# Harp Glissandi using Kontakt



## Rick (Jul 21, 2010)

I'm a newbie, so be kind.
Use keys in a live theatrical setting.

Have attempted to utilize the Harp glissando scripting in K3 and find that it doesn't provide what I need or perhaps I'm doing it incorrectly.

Here's the standard situation.
On a Keyboard book it will have standard two hand harp articulations and occassionally will ask for odd glissando during the piece.
Example a (Gb7 b5) and then a couple of bars later an E7.
Need to be able to configure contact via keyswitch or controller to switch between gliss and normal mode.
So lets say a setup of:

Normal Harp
Gb7b5 Gliss (K3 doesn't appear to have this as an option for scales)
E7 Gliss

This is a very quick piece, no time to change patches back and forth. 

In any case, I generally find that the composers I'm working with are asking for extended scales and need to know how to set those up for glisses.

Thanks for any help.


----------



## BleedingEdgeProductions (Aug 23, 2010)

Hi Rick,

I use Kontakt live on a lot of shows. Are you only playing the harp chair, or are you using one of the keys books?

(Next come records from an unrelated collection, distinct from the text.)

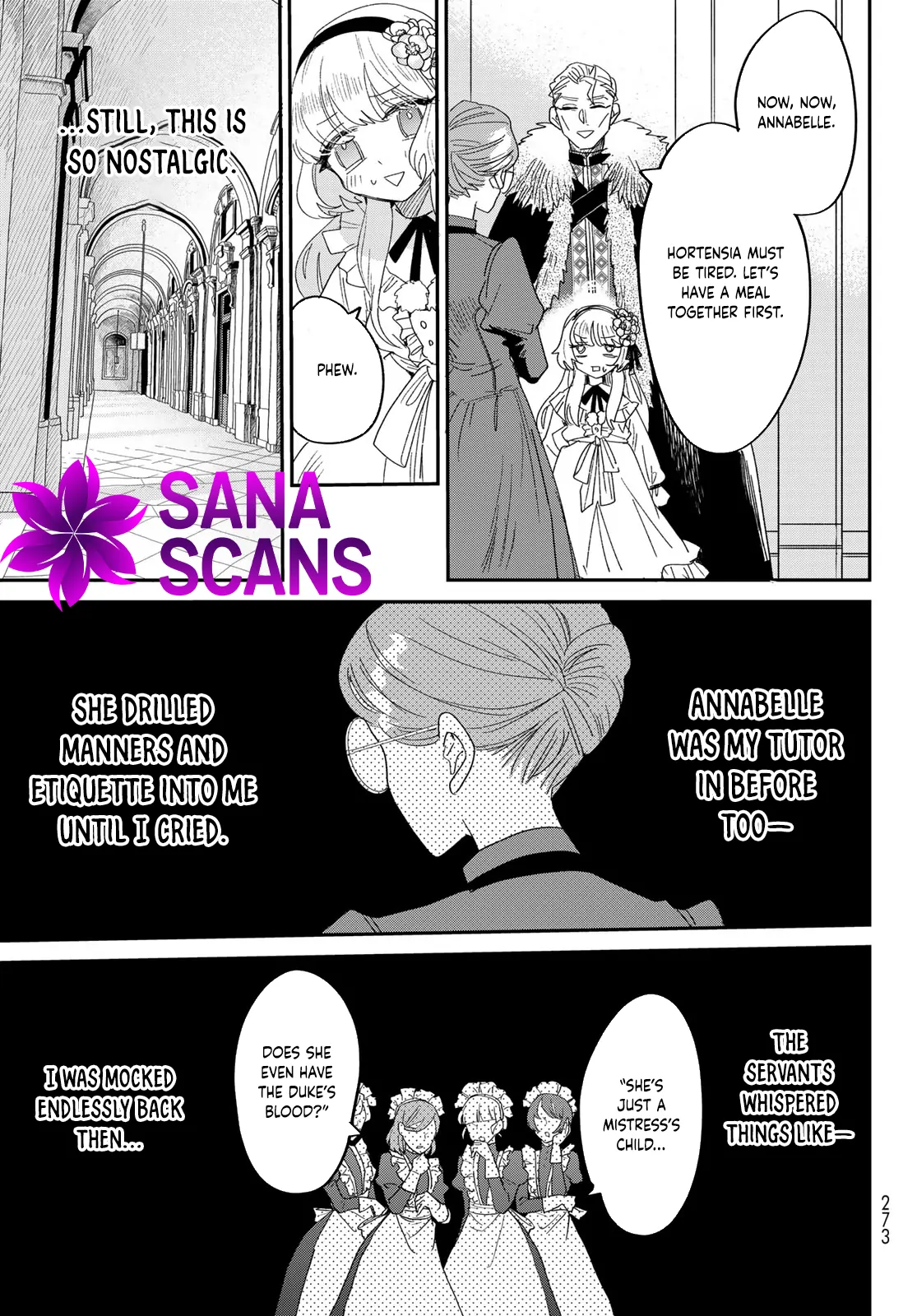 The Unlucky Lady Loved by the Final Boss Brother-in-Law Chapter 1 - Page 23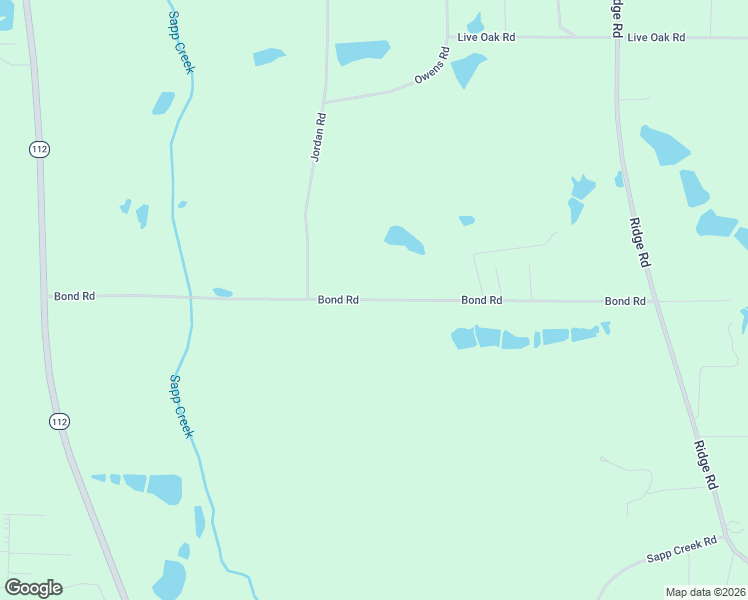 map of restaurants, bars, coffee shops, grocery stores, and more near Bond Road in Cairo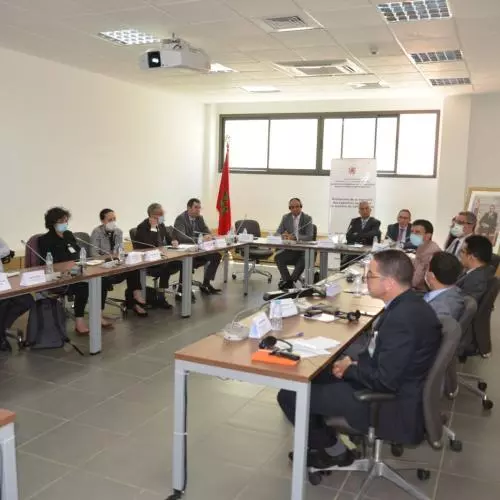 Focus group discussions during the Morocco CMM review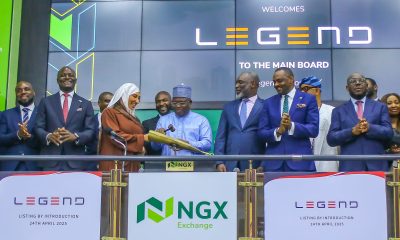 Legend internet moves to merge with Spectranet, targets stronger broadband footprint in Nigeria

If you are using a keys chair, and are using Kontakt in a live host (ie Mainstage or Brainspawn Forte), then the easiest solution is to create separate programs for whatever gliss scales you need (write a virtual 'harp pedal' script for example) and load them into a bank. So, you could have a harp bank with the programs:

- Harp
- Harp_Gb7b5
- Harp_E7
- Etc.

And chain up scenes in the VST host with patch changes for that bank.

Embedding the tunings in a program and using scenes also eliminates the danger of another player (if you were taken ill for example) not understanding how to implement a certain controller you may have set up.

Hope that helps a little.


----------